Indeed we spent some time in Edinburgh looking at it :-) that was too long ago 
:-(

The problem i see with the original debugger inherited from Squeak, in the 
Pharo context, is that it is very sensitive to a lot of the core code in the 
image. What this means is that the accelerated changes in Pharo code base had 
unintended side effects on original debugger machinery as it diverged from its 
ancestry. It goes all the way back to pushing Eliot's closure implementation in 
1.0 which we were desperate and excited for. 

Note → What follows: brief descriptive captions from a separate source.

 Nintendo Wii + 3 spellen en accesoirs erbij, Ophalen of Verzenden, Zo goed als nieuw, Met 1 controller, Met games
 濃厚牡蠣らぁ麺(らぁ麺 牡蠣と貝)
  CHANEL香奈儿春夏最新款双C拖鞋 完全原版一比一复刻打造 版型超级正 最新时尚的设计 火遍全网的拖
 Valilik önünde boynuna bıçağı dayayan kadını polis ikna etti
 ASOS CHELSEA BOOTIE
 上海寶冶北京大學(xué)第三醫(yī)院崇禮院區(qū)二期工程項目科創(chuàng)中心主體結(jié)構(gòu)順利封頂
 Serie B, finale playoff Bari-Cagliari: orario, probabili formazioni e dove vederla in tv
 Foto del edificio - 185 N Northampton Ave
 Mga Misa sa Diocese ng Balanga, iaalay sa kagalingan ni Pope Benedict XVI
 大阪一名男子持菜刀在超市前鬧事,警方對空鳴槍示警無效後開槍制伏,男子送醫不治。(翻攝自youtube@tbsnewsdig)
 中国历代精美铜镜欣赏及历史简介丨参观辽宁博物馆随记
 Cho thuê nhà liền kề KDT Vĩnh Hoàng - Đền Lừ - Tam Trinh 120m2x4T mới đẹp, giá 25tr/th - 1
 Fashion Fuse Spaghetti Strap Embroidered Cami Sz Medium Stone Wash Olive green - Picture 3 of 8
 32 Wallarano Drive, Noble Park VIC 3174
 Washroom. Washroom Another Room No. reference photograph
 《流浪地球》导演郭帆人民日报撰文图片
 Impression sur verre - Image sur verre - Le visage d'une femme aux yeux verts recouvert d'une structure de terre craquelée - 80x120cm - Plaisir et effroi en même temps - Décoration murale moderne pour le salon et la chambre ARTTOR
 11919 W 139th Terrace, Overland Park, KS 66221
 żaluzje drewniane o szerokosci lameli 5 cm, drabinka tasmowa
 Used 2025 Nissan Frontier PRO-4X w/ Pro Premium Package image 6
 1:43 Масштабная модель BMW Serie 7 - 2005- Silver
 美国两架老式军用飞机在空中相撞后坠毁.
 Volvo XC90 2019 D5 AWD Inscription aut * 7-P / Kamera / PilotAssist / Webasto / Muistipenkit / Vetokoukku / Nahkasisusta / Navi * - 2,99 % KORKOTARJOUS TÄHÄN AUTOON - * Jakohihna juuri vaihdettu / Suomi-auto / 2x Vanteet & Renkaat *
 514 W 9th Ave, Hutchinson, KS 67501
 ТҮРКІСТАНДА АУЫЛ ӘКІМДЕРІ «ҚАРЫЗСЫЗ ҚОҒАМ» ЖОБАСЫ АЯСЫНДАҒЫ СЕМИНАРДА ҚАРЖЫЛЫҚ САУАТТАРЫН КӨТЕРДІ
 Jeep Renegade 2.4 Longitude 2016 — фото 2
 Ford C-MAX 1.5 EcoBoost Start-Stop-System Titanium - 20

Since we relied on taking core compiler/closure/debugger code from Squeak it 
became more and
more important to track the difference between squeak and Pharo. Anyone who has 
tried looking at the diffs will know how hard that is.  I forget which class it 
was but we found this obscure bug in one of the collection classes IIRC that 
threw one tiny but annoying aspect of debugger highlighting off. I only found 
that by single stepping both images through known code snippets with this 
debugger 'oscilloscope' I had hacked up for the purpose. What that experience 
showed was it was really involved how the instruction machinery hangs together. 
As squeak trunk is where most fixes get pushed in this area it requires huge 
resources and diligence to track every change to see if Pharo needs it. For 
ages Stef would post every interesting looking trunk change to the pharo bug 
tracker but there were not many folks looking at them all. And also it is not 
nice work. We didn't have the tools or modularity to cherry pick changes in 
this area. 

So the new debugger model in Glamorous showed an interesting direction to go in 
and this comment from Marcus is also interesting on seemingly building a new 
debugger architecture which we have discussed before.  I was trying to do was 
to figure out a way you could regression test the debugger by recording and 
replaying examples of it's operation and checking each release it hadn't been 
broken unexpectedly. I think there is still mileage in that area if it has not 
been done already. 

Also, historically, I am not convinced it was ever properly working in the 
sapphire build or even in 3.9. The bugs and effects were so subtle that you 
just got used to working around them. I.e. I have 20 mins to do some coding do 
I add a bit more to my cool seaside app or do I struggle with fixing the 
debugger? Last I looked at squeak trunk it was looking pretty good. But the 
code base is hard to track. 

What I was last thinking about in this area was trying to live 'trace' in some 
way all the code required by the debugger into a filed out and renamed set of 
classes like :SqDebugger SqArray SqCompiler SqInstructionStream and so on and 
then load them into Pharo. The idea being you would have an identical 
implementation that you would use to operate on all the Pharo code but entirely 
independent from it and maintained in squeak trunk. It is an unrealistic idea 
but the example i was thinking about from the electronic world is using one 
oscilloscope to test or observe the internals of another.  You could do that 
image to image over the network of course but I am not sure if you just vary 
the complexity in a different direction. 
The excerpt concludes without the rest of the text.